Теперь уже она пыталась высвободиться, но Дубровинский не отпускал. И она покорилась.
Им обоим было так хорошо.
Потом, поправляя сбившуюся прическу, словно бы с каким-то заглядом вдаль, медлительно спросила:
— Ося, вправду твой побег сейчас совсем бесполезен?
Он ответил не сразу, несколько раз погладил усы.
— Пока он бесцелен.
Анна прошла к раскрытому окну. Села на подоконник, придерживаясь за косяк. Оглядела белесое от зноя небо, темнеющий вдали за городом окраек леса, прислушалась к уличным шумам. И зажмурила глаза, повернувшись лицом к Дубровинскому, оставшемуся в глубине комнаты, — после яркого солнечного света она здесь не видела ничего.
— Ося, обдумай сейчас все, как если бы ты был один, — с торжественностью в голосе и не открывая глаз, но все равно ища его взглядом, проговорила она. — И решай. Потом мы снова будем думать вместе и вместе решать. Но знай одно совсем твердо: ни я, ни Таленька ничем не связываем твои решения. Ты уедешь или уйдешь, если это необходимо. Сейчас ты можешь сделать больше, чем я. Делай. Все другое будет неправильным.
Она не дождалась ответа.
А когда встревоженно открыла глаза, увидела, что муж стоит, наклонясь над кроваткой дочери, и без звука, едва шевеля губами, ей, спящей, что-то говорит.
16
Нудный моросящий дождь вперемежку со снегом падал и падал, не переставая, третьи сутки. И хотя по календарю день прибавился очень значительно, а булочники уже прикидывали, велик ли будет спрос на «жаворонков», весной в Петербурге еще и не пахло. Погода больше подходила для поздней осени. Слякоть, промозглый туман и тянущий с Невы, насквозь пронизывающий ветер. Облепленные мокрой снежной кашей вокзальные фонари не столько светили, сколько просто обозначали место, где они стоят.

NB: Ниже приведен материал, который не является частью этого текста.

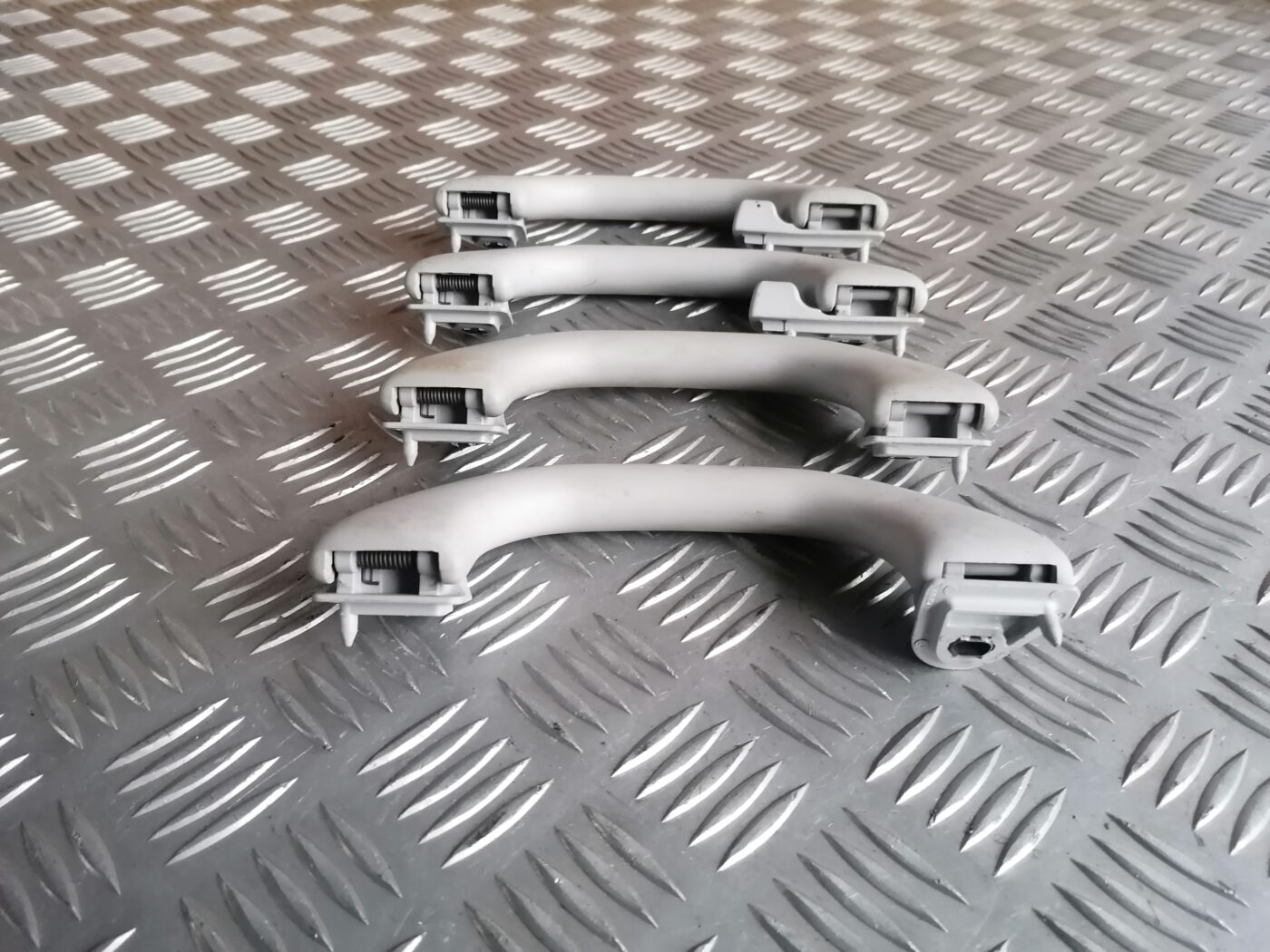 Salona rokturis griestos priekš ŠKODA OCTAVIA 2006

Носильщики в белых парусиновых фартуках с огромными медными бляхами на груди бежали вдоль состава, заглядывали в окна, в тамбуры вагонов первого и второго классов, не ждет ли их там кто-нибудь, побоявшись выбраться в серую муть, заполнившую и стеклянные своды вокзала. Пассажиров вообще было немного.
— Барин, па-азвольте-с! — счастливо закричал один из наиболее резвых носильщиков, оказавшийся возле пульмановского спального вагона как раз в тот момент, когда из него на перрон легкой походкой ступил, дымя папиросой, благообразный интеллигент, в очках, одетый в пальто с бобровым воротником и в бобровой шапке. — Па-азвольте, где ваши вещички? Мигом…

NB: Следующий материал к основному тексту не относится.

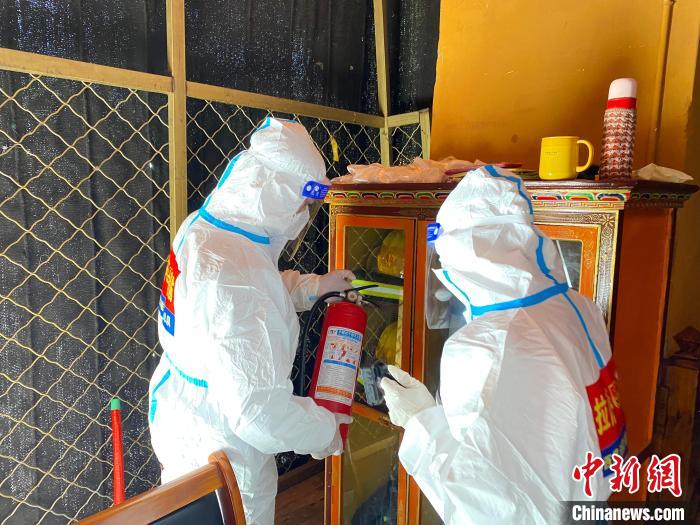 圖為甘丹寺消防救援大隊(duì)開(kāi)展日常消防器材巡查?！±_市消防救援支隊(duì)供圖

И тут же отшатнулся, глядя с восторгом и с испугом.
— Ты что, братец?
— Виноват, ваше… ваше… ст… прес…вод… — не зная, как титуловать стоящего перед ним, бормотал носильщик и то подносил руку к козырьку картуза, то, будто обжегшись, отдергивал. — Господин Зубатов… Сергей Васильевич…
Зубатов неспешно снял очки, наклонил голову к правому плечу, к левому, добродушно улыбнулся:
— А я, братец, тебя не припомню. Извини! Что же касается вещей, их у меня есть кому поднести. Спасибо!